| Work required |
Extract, exactly as written, the line that contains "The Book Banque" and all lines after it through the end of the records. Omit pictures.

(Records from a collection)
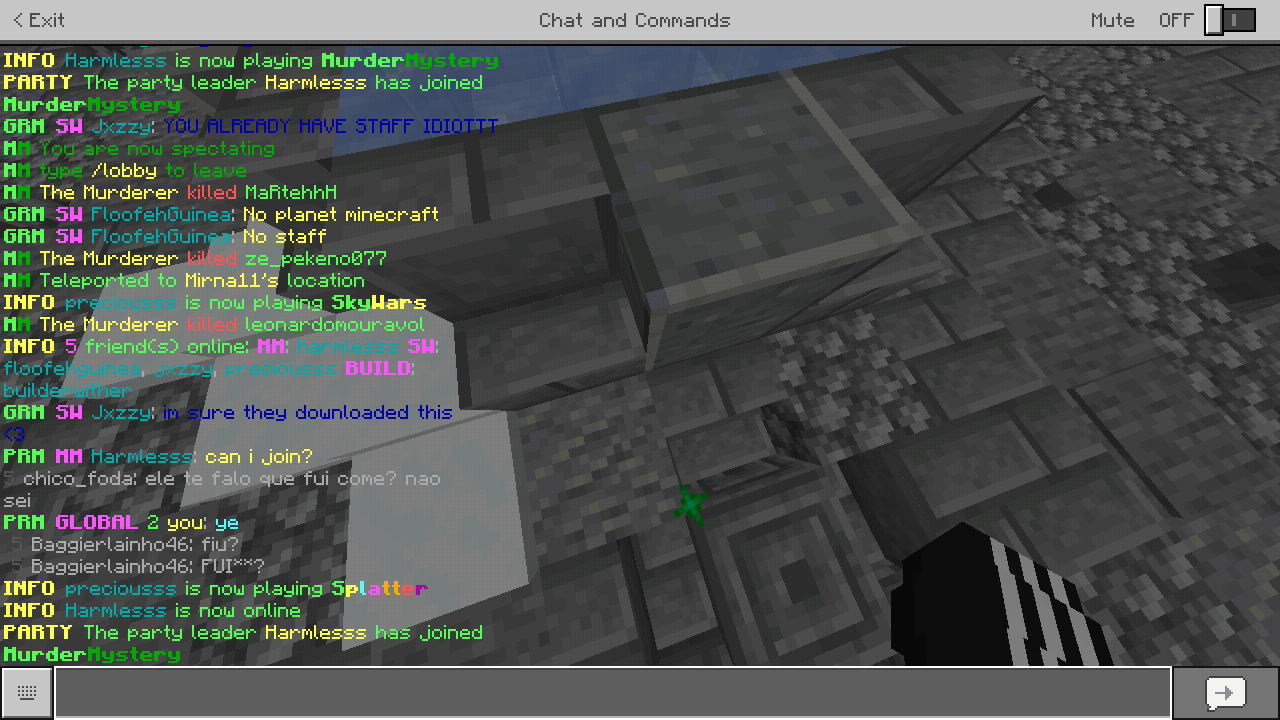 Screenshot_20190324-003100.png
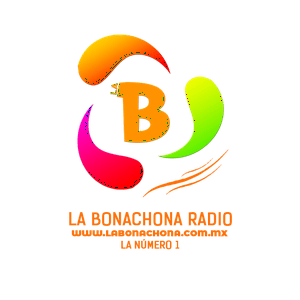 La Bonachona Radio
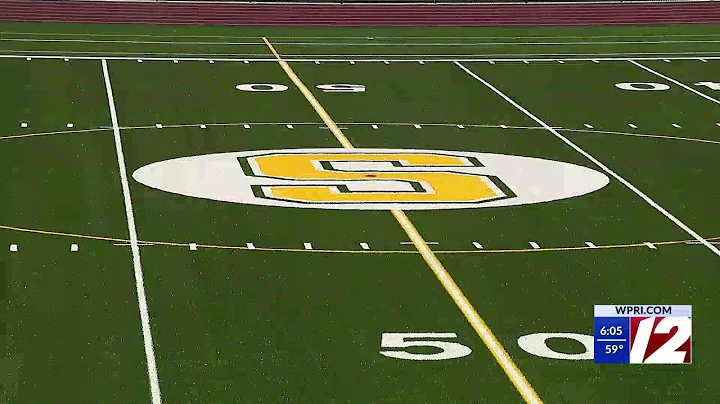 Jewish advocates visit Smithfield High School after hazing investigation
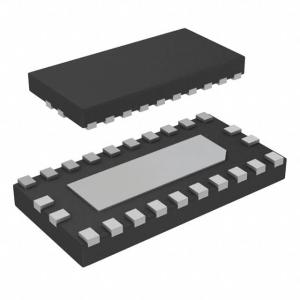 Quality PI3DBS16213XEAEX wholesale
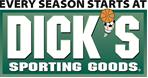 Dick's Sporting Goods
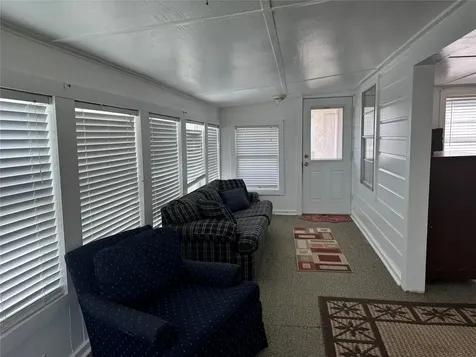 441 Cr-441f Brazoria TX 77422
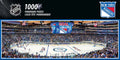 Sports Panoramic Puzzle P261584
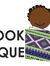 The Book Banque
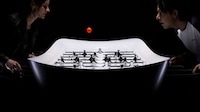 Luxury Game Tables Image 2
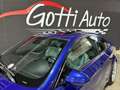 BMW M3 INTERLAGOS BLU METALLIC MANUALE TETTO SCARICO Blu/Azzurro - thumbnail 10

| Output for this exercise |
 The Book Banque
 Luxury Game Tables Image 2
 BMW M3 INTERLAGOS BLU METALLIC MANUALE TETTO SCARICO Blu/Azzurro - thumbnail 10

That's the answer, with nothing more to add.